Трибуны взвыли от восторга.
Мокрый, вымотанный до предела Мотекусома сорвал шлем и, не обращая внимания на то, что творится за его спиной, почти побежал в примыкающий к стадиону одноэтажный дворцовый комплекс. Сунул шлем прислуге, с трудом дождался, когда ему расшнуруют громоздкое снаряжение и, едва ополоснув лицо, бросился в зал для приемов. Выхватил у гонца толстенный рулон хлопковых полотен, жестом приказал придвинуть светильники ближе и развернул первое послание.
На куске полотна, явно отрезанном от мужской накидки, был изображен след четвероногого "гостя".
- Копыто? - удивился Мотекусома. - У него копыта?! Как у свиньи?
- Да, Великий Тлатоани, - склонил голову еще ниже гонец. - Снизу он похож на очень большого тапира.
Мотекусома прикусил губу; он с трудом представлял себе свинью вдвое выше человеческого роста. Развернул следующее полотно, и сердце его подпрыгнуло и замерло. Холст понесли к нему еще свежим, непросохшим, и краски местами смазались, а местами поплыли. И все равно: столь качественное изображение "четвероногого" он видел впервые. Высокие, по грудь человеку ноги, странная, ни на что не похожая передняя голова и - самое жуткое - верхняя часть человеческого тела, выросшая точно посредине хребта.
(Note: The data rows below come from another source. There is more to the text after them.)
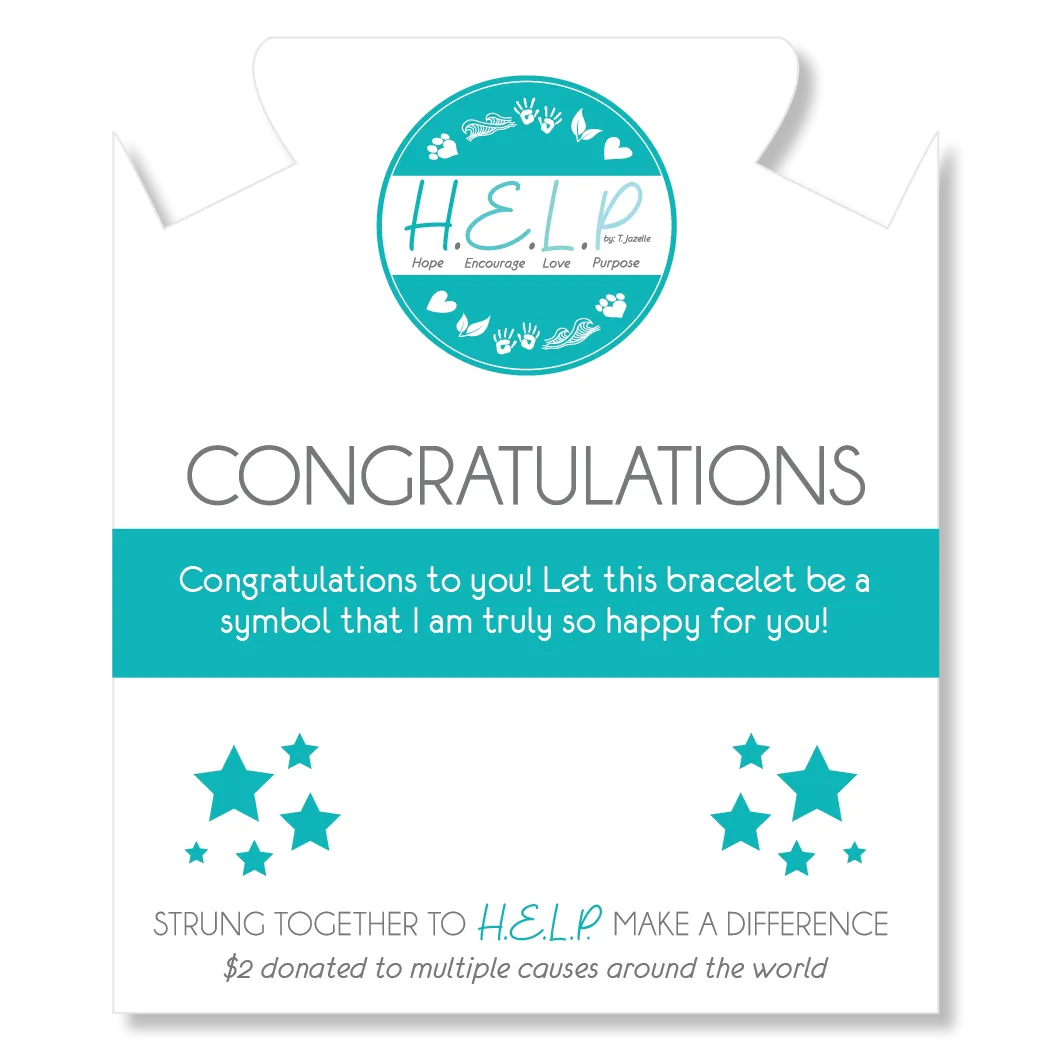 Congratulations Charm with Blue Zebra Jade Charity Bracelet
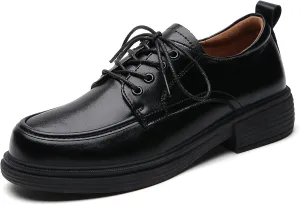 Oxford Shoes for Women Womens Oxford Shoes Lace-Up Round Toe Leather Flat Non-Slip Fashion Classic Business Casual Comfortable Dressy Office Work Ladies Shoes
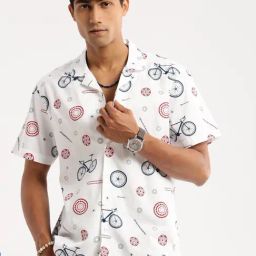 SHOWOFF Milky White Cotton Regular Fit Printed Shirt-image-54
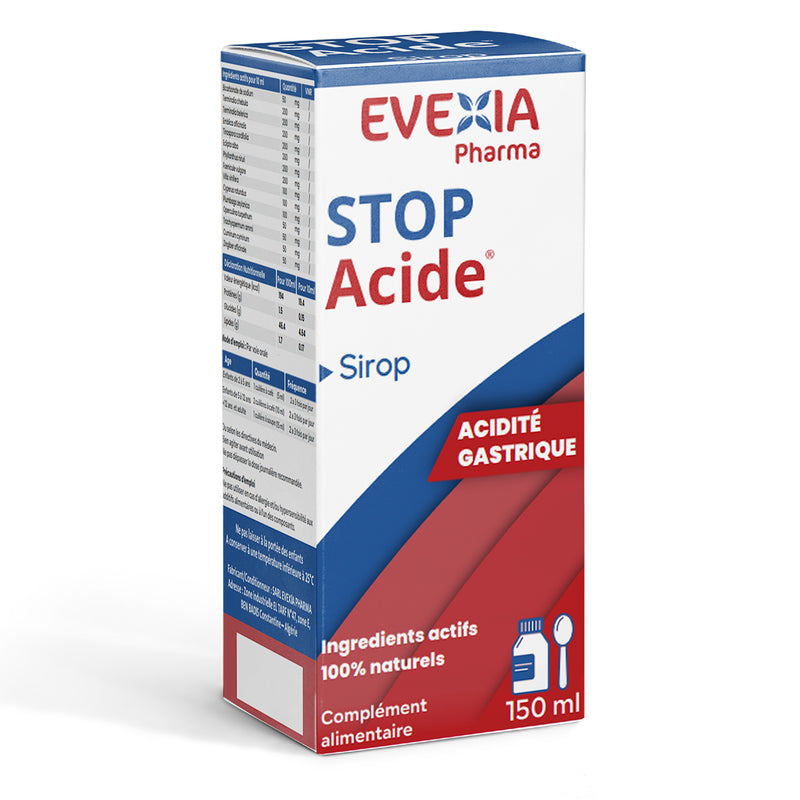 Sirop Stop Acide – Confort Gastrique & Digestion – Flacon, Bicarbonate de Sodium & Extraits de Plantes, Anti-Reflux, Brûlures d'Estomac, Remontées Acides, Adultes & Enfants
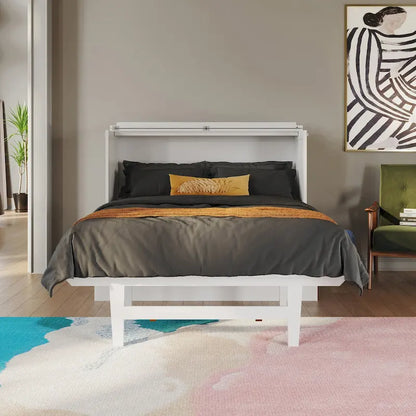 Northampton Full Murphy Bed Desk with Mattress in White
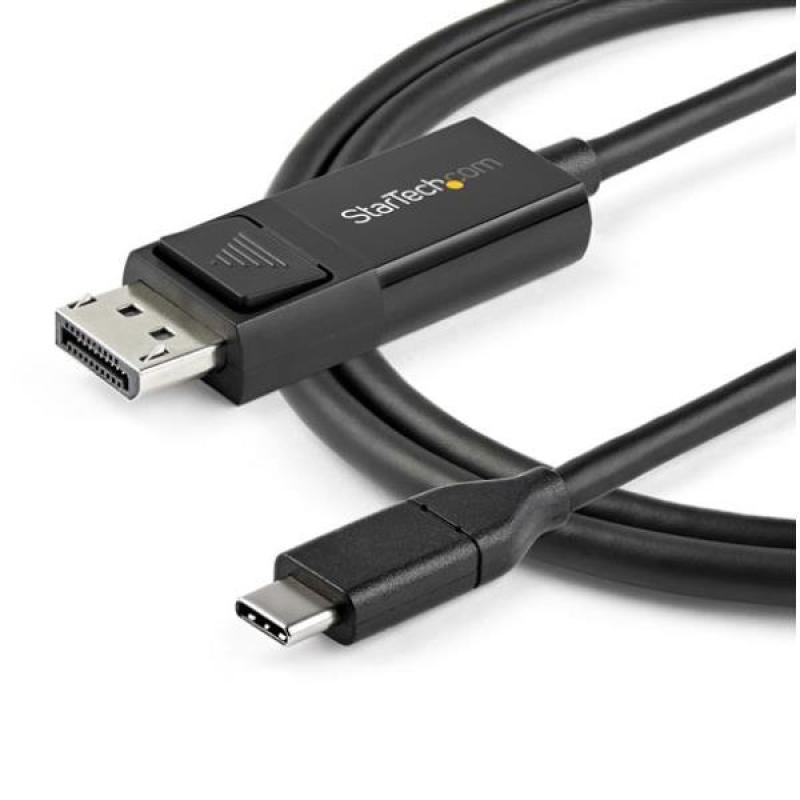 Cable usb tipo c a displayport 2m - macho - macho - negro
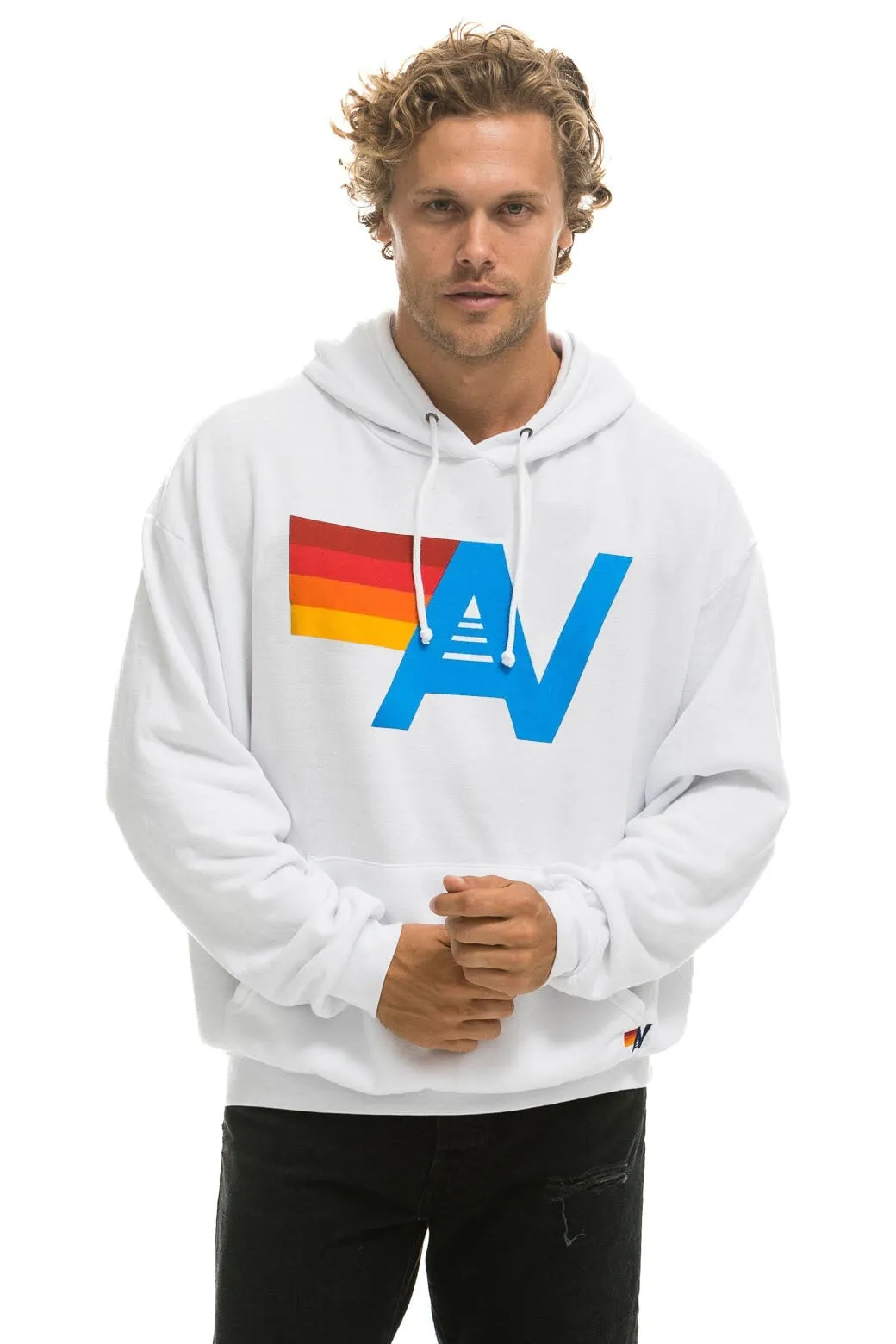 LOGO PULLOVER RELAXED HOODIE - WHITE
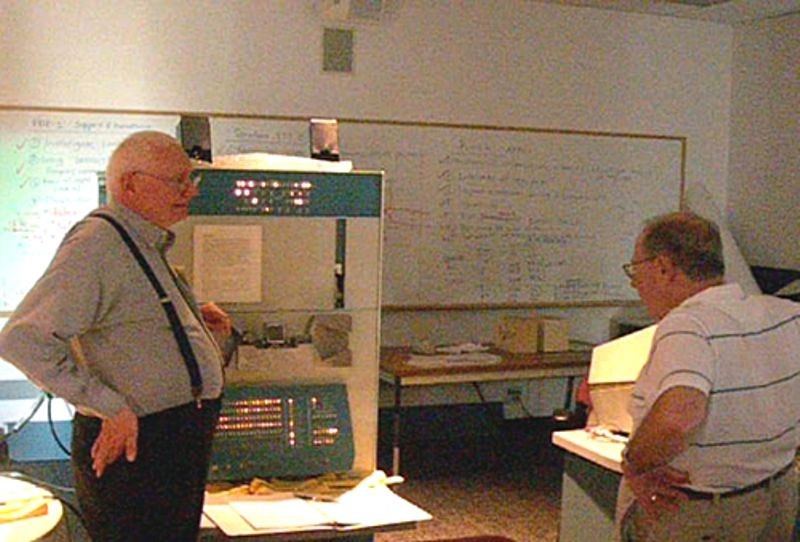 Peter Samson plays music for Alan Kotok and rest of PDP-1 restoration team during the Computer History Museum PDP-1 restoration project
- Кто рисовал? - глотнув, бросил он.
- Горшечник Веселый Койот из рода Чель.
- Наградить, - решительно распорядился Мотекусома и хлопнул в ладоши.
У входа в зал появился, и почтительно застыл казначей и мажордом двора Топан-Темок, и Мотекусома кивнул в сторону гонца.
- Выдашь тысячу зерен какао. Пятьсот ему и пятьсот горшечнику.
Гонец растерянно моргнул, - это было целое состояние, и, подчиняясь жесту казначея, задом попятился к выходу.
Мотекусома развернул следующее полотно, за ним - следующее. Не нашедший под рукой бумаги амаль безвестный горшечник из немыслимо далекого приморского городка Чампотон пустил весь свой гардероб, чтобы отобразить на кусках материи то, что увидел. Бледные, словно трупы, воины с огромными, дикими бородами, сгоняющие людей в кучу. Сверкающие металлическим блеском нагрудные панцири. Оперенные и тоже металлические шлемы. Высокие парусные пироги, явно собранные из досок. Паруса…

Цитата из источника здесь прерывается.